● The problem: From the first line to the last, print the records exactly, leaving out the pictures.

● Provided records:
──────────────────────────────

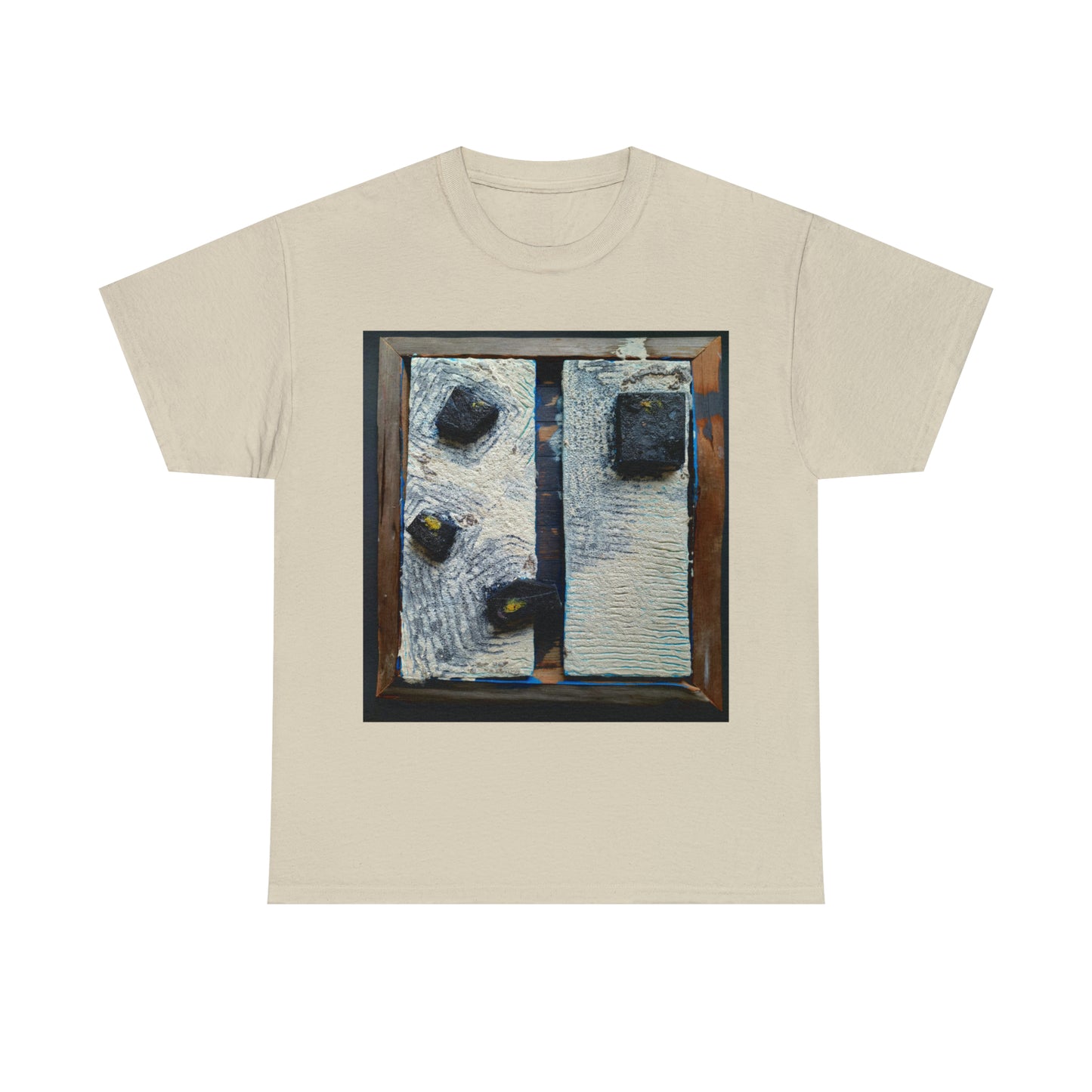 Nate Cardozo, Post Combustion Tee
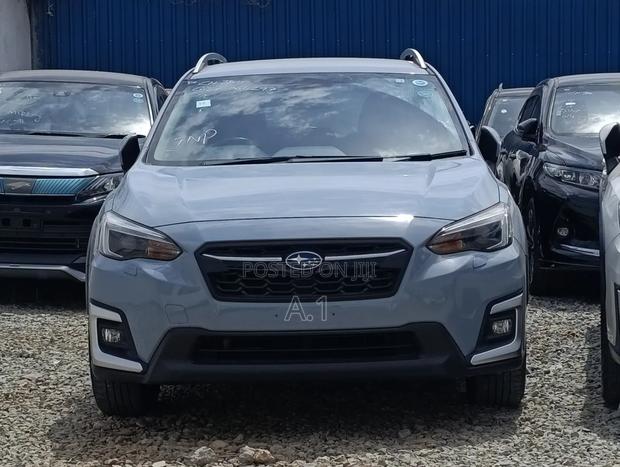 Subaru XV Limited Package 2019 Blue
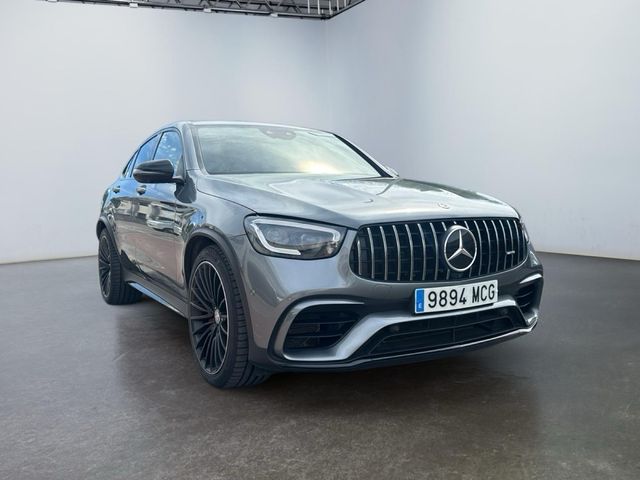 Mercedes-Benz GLC Coupé 2020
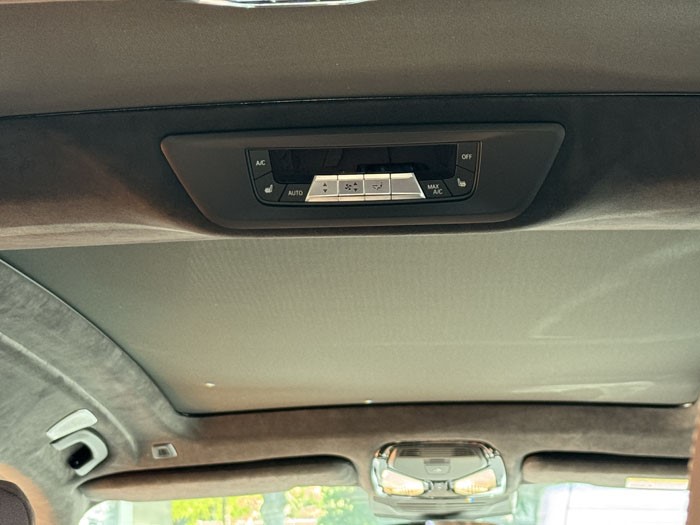 运动与奢华 宝马X7 xDrive40i  尊享型M运动套装7座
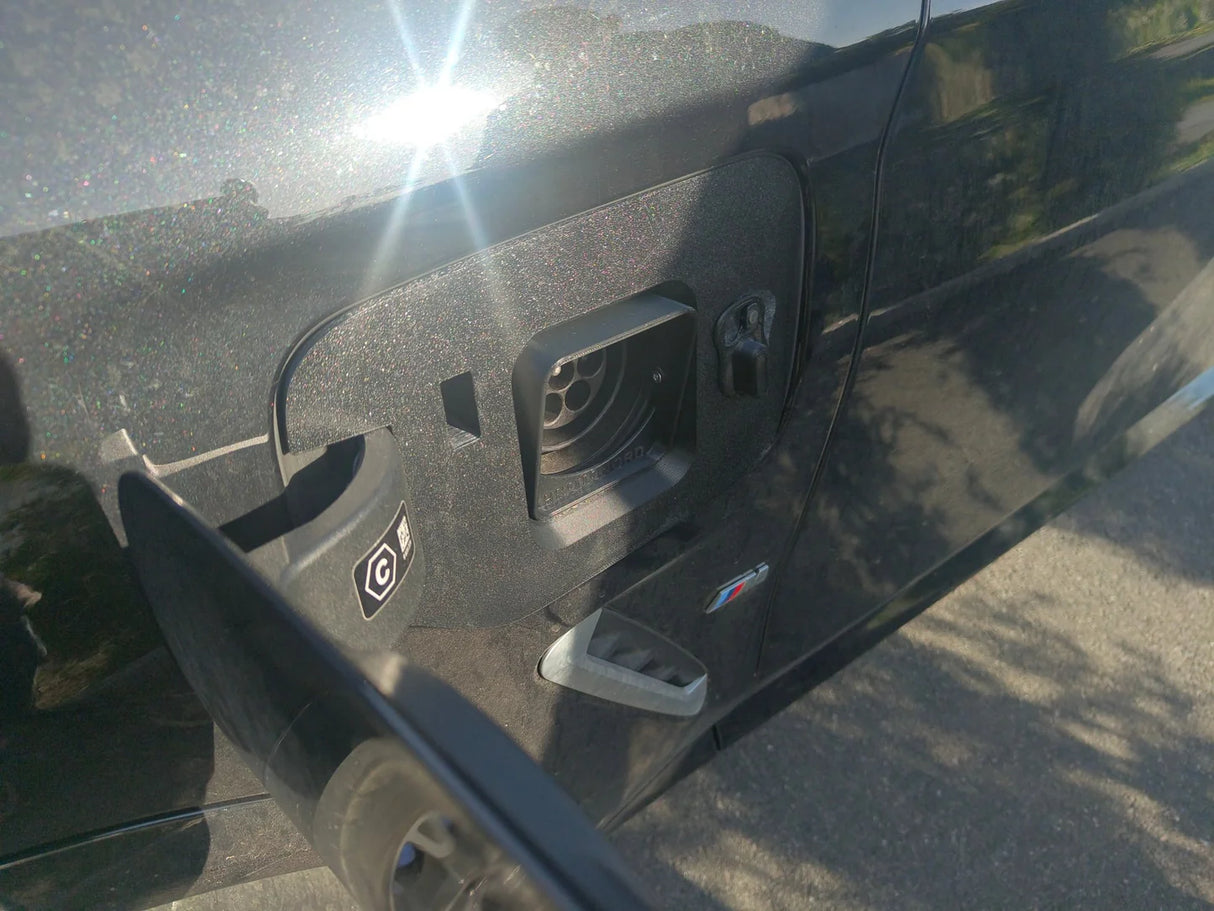 BMW X3 (G01) Plug-in Hybrid - Snow cover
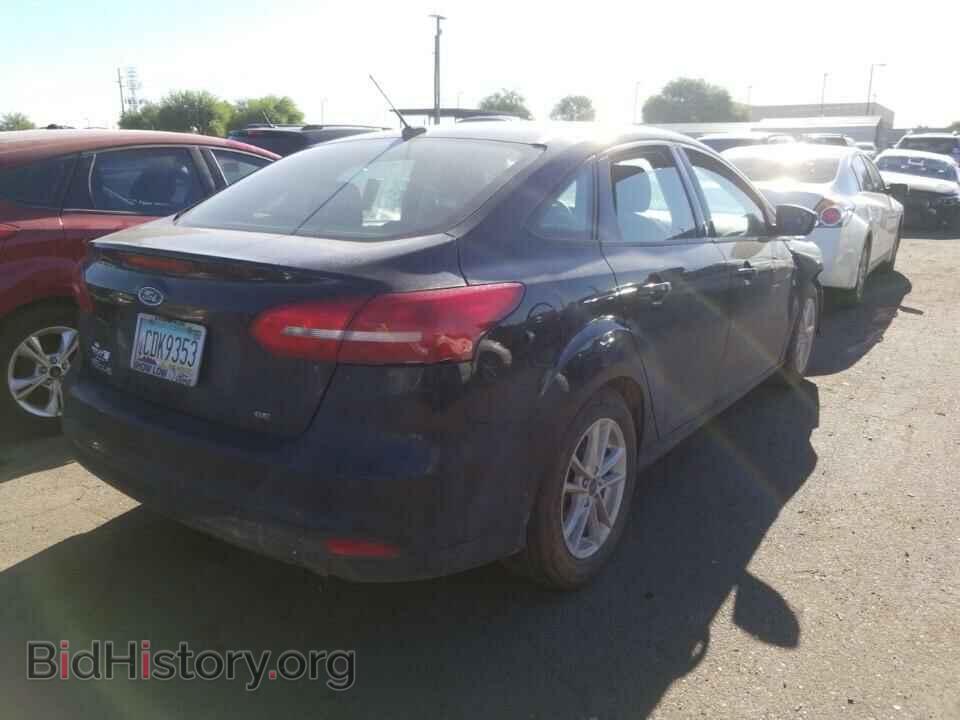 2017 Ford Focus - VIN: 1FADP3F21HL348381 - Фото 2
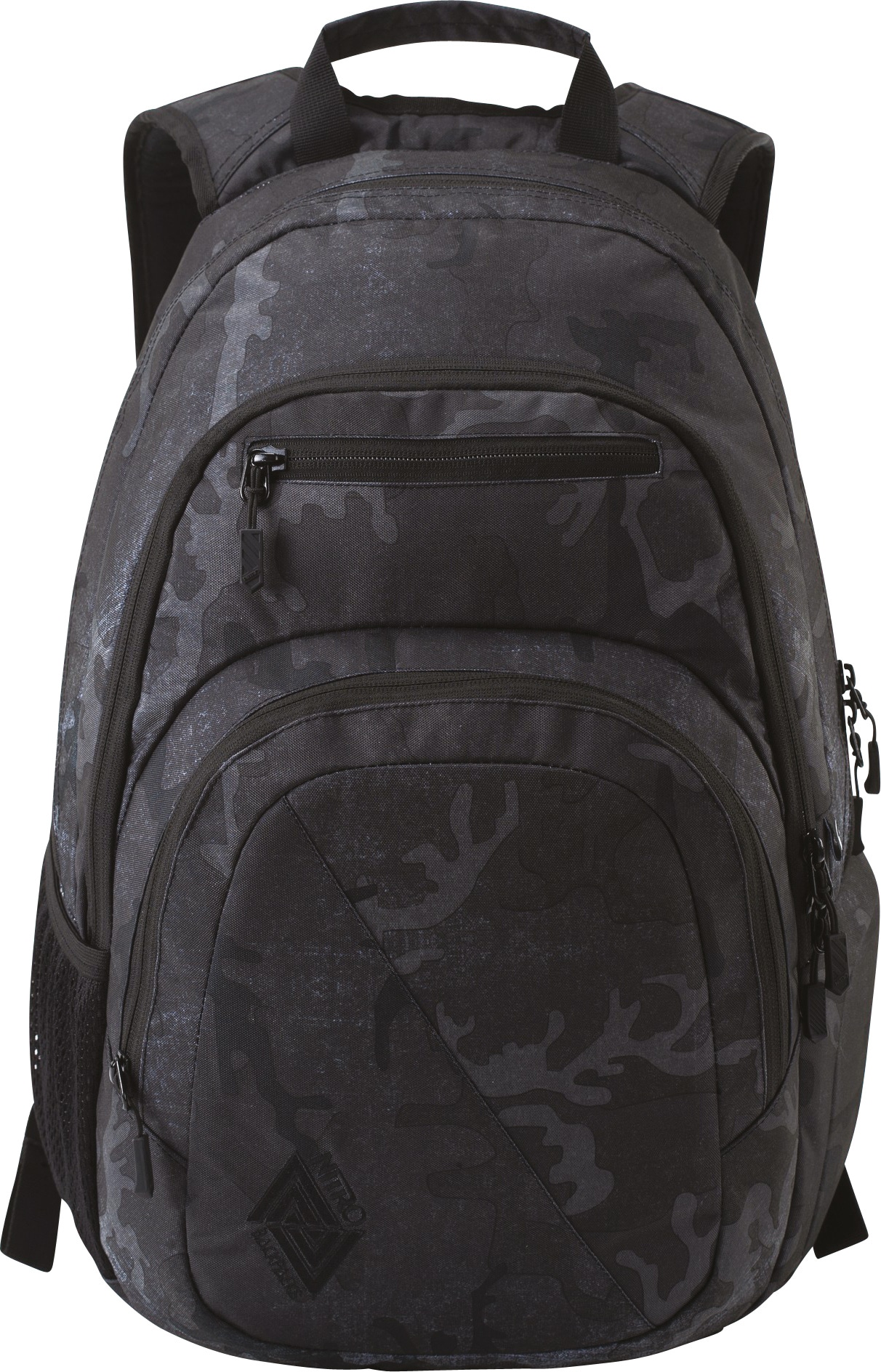 NITRO Schulrucksack »Stash 29«, Alltagsrucksack, Rucksack für Freizeit, Schule, Arbeit und Reise von Nitro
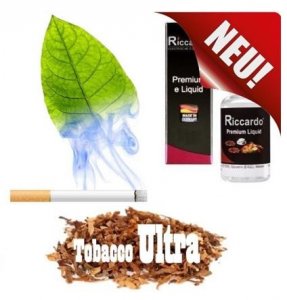 Riccardo® e-Liquid Tobacco ULTRA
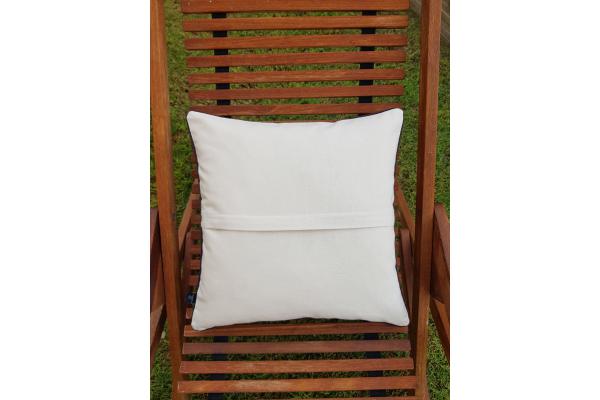 Uçak Kırlent Kılıfı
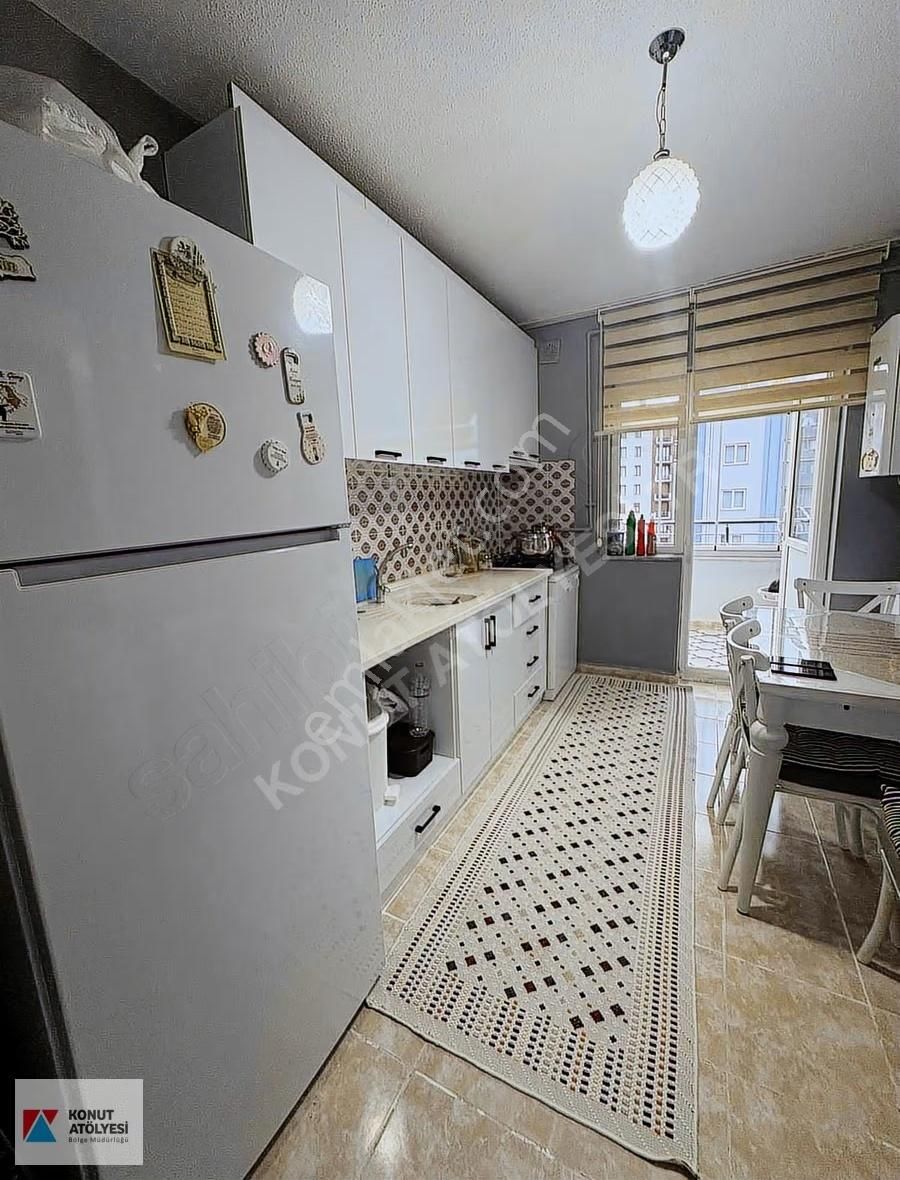 Merkezi Konum Toki Güvencesiyle , Krediye Uygun 3+1 Satılıktır - Görsel 28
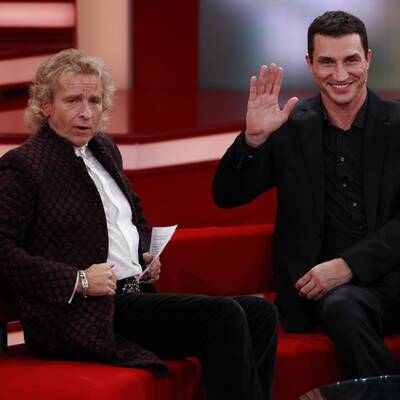 Ein Herz für Kinder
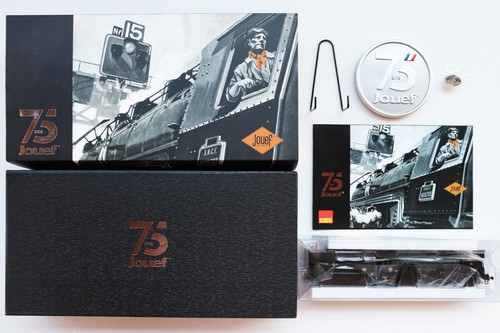 Coffret ans jouef - coffret,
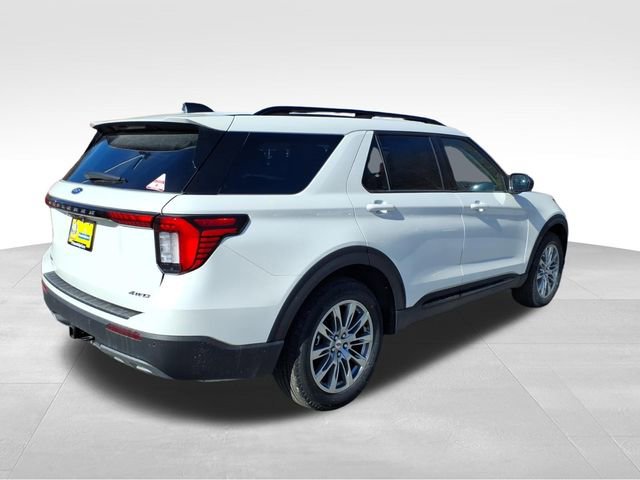 New 2026 Ford Explorer Active w/ Active Comfort Package AWD/4WD image 12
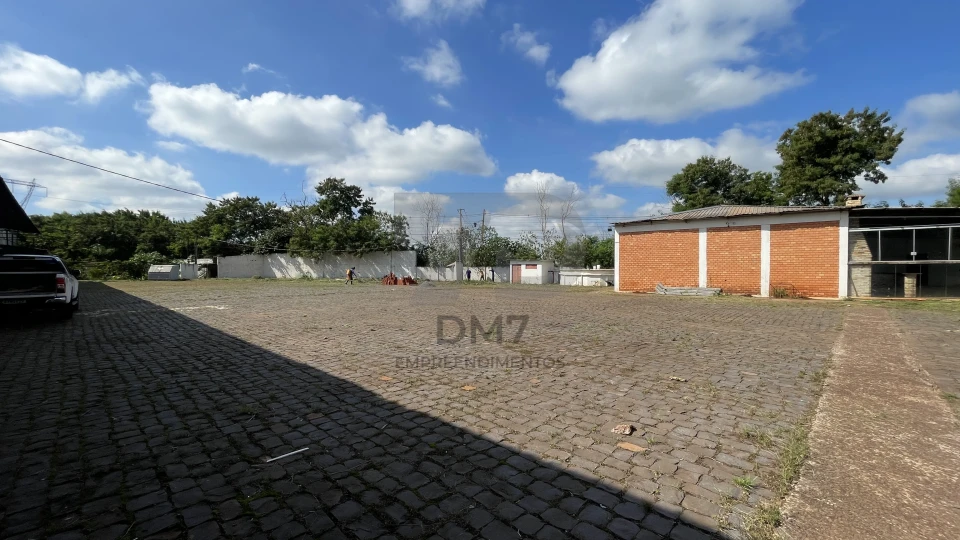 Comercial Para Alugar Parque Industrial Maringá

──────────────────────────────

● Answer space:
 Nate Cardozo, Post Combustion Tee
 Subaru XV Limited Package 2019 Blue
 Mercedes-Benz GLC Coupé 2020
 运动与奢华 宝马X7 xDrive40i  尊享型M运动套装7座
 BMW X3 (G01) Plug-in Hybrid - Snow cover
 2017 Ford Focus - VIN: 1FADP3F21HL348381 - Фото 2
 NITRO Schulrucksack »Stash 29«, Alltagsrucksack, Rucksack für Freizeit, Schule, Arbeit und Reise von Nitro
 Riccardo® e-Liquid Tobacco ULTRA
 Uçak Kırlent Kılıfı
 Merkezi Konum Toki Güvencesiyle , Krediye Uygun 3+1 Satılıktır - Görsel 28
 Ein Herz für Kinder
 Coffret ans jouef - coffret,
 New 2026 Ford Explorer Active w/ Active Comfort Package AWD/4WD image 12
 Comercial Para Alugar Parque Industrial Maringá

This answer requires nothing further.